I’m not saying folks have always been wrong. I’m not saying there weren’t times where I put too much swagger in an underdeveloped idea, or lacked the empathy to present myself in a way that was considerate to others. It’s a personal weakness of mine, and something I’ve been struggling with for my whole life. But I also think it’s something that’s grossly misinterpreted, to the detriment of anyone who wants to exude one of the most powerful, alluring, and dangerous aspects of personality there is: confidence.

That fickle ally: confidence. People constantly say that’s what make someone attractive over anything else. It’s what star athletes say liberates them on the field of competition. But too much of it - or just a little of it for the wrong reason - and the contempt is quick in coming from all around you.

That’s why I think it’s extremely important to try and occupy a duality that’s actually sort of looked down upon in many respects, especially in politics (god forbid someone changes their mind when they get new information! Be loyal to your ignorance or we won’t vote for you! I digress).

I like to have “strong opinions, loosely held.” I love that phrase. I first heard it on a Tim Ferriss podcast, in which he was interviewing a prominent - and brilliant - Silicon Valley venture capitalist and technology buff. The phrase gives shape to the amorphous philosophy I’ve been developing since high school that kind of started with the way I approached music. When I was not playing, I always considered myself a student. There was always something I could do better. When that instrument started making noise in a performance, however, I was the greatest player in the world. Those times when I let one of those two attitudes slip into the wrong situation is where I got in trouble. Either my playing was flat and boring, or I reached a plateau and couldn’t get any better.

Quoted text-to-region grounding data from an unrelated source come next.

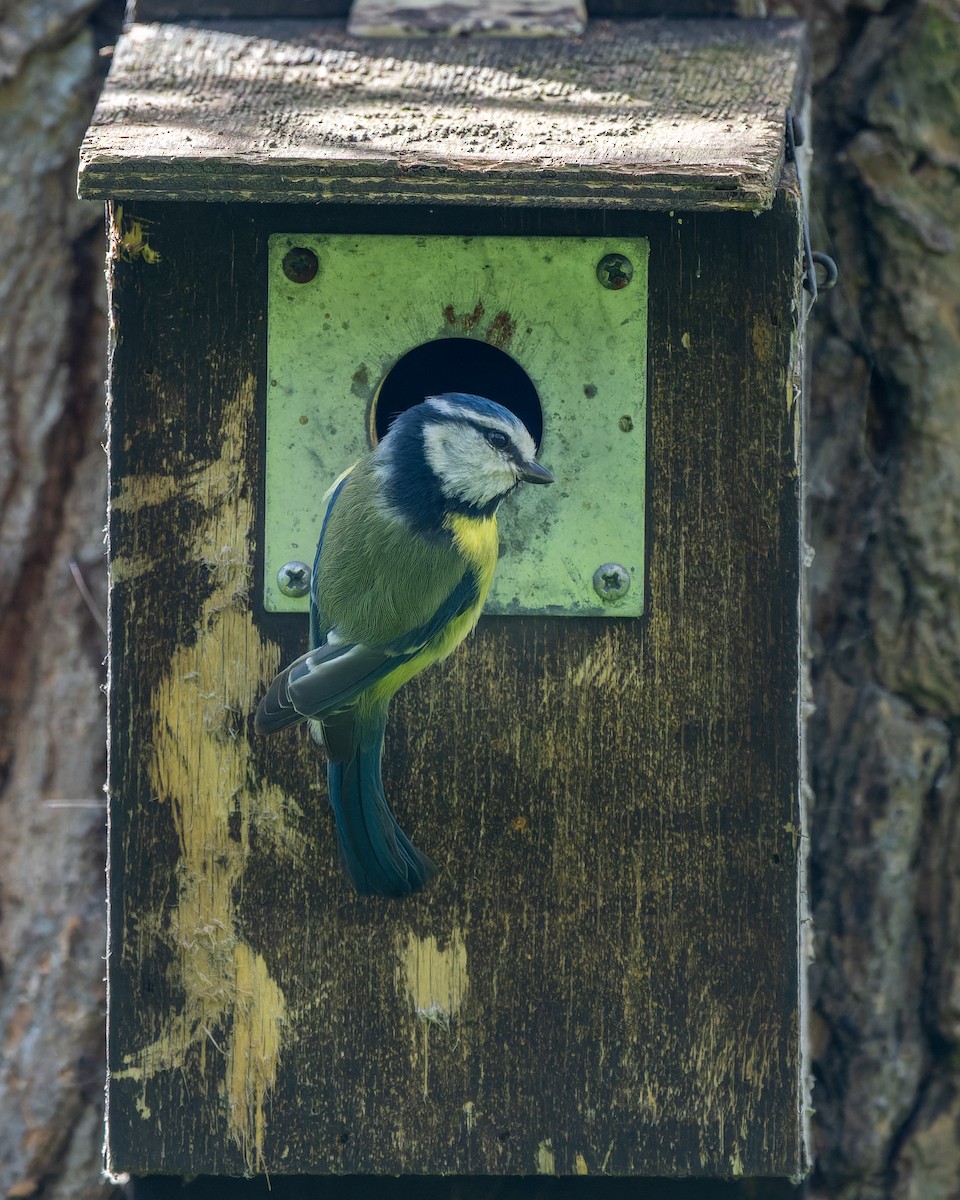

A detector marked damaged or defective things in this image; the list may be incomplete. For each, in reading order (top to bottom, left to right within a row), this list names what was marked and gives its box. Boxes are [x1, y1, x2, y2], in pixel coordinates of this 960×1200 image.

rusty screw [280, 247, 319, 284]
rusty screw [595, 253, 633, 290]
rusty screw [277, 561, 312, 600]
rusty screw [592, 561, 628, 600]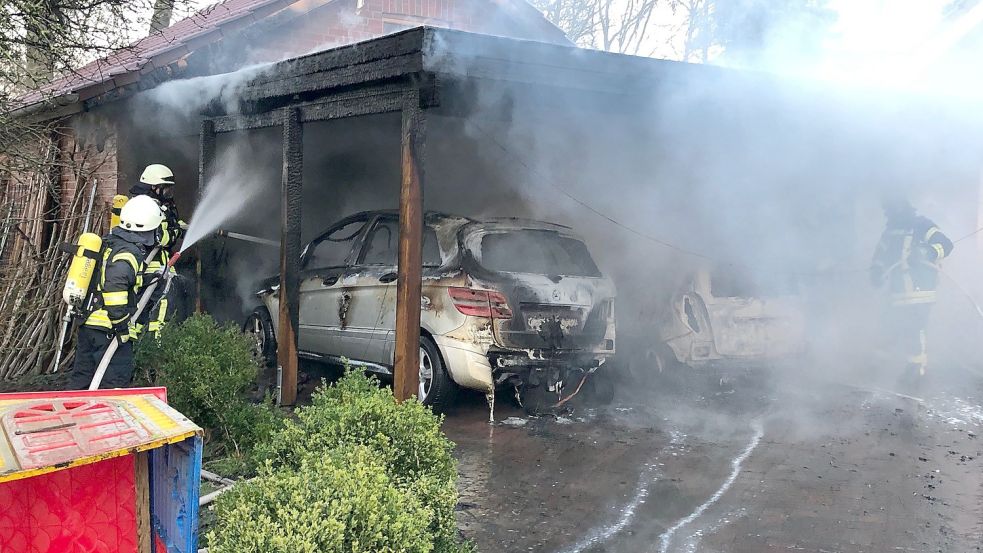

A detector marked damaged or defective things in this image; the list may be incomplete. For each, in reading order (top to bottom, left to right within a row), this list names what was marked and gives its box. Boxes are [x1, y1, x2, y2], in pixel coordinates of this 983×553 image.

burned car [244, 211, 616, 410]
destroyed car [244, 211, 616, 410]
charred vehicle [246, 211, 616, 410]
destroyed car [652, 266, 808, 370]
burned car [652, 266, 808, 370]
charred vehicle [656, 268, 804, 370]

A fantastic quote by one of my favorite composers, Frederic Chopin, was delivered to one of his students. He warned:

“I see that timidity and lack of self-confidence form a kind of armor around you, but through this armor I perceive something else that you don’t always dare to express, and so you deprive us all.”

Going back to where we started regarding success stories, there’s a common thread of advice I keep hearing from all of the most successful people in the world. If you’re scared of being confident, of pursuing excellence, because there is pressure all around you to remain mediocre, then you need to change your environment. Immediately. Always remember that you are the average of the five people you hang around with most; if they are making you guilty of your own strengths, then you’ve gone as far as you can go until you swap those folks out for someone who genuinely thinks you have the capacity to be the best in the world at what you do.

Bottom line? Being able to approach people confidently, to approach your work or your hobbies or whatever without timidity making you second-guess yourself, allows you to perform like you are actually preparedto perform. Being able to let go of that confidence and learn, communicate, and improve is just as essential. Saying to yourself “I am absolutely doing this right, until I learn that I am doing this wrong” is, in my strong opinion, the way to excellence. But, of course, if you have another way to look at it, I’m open.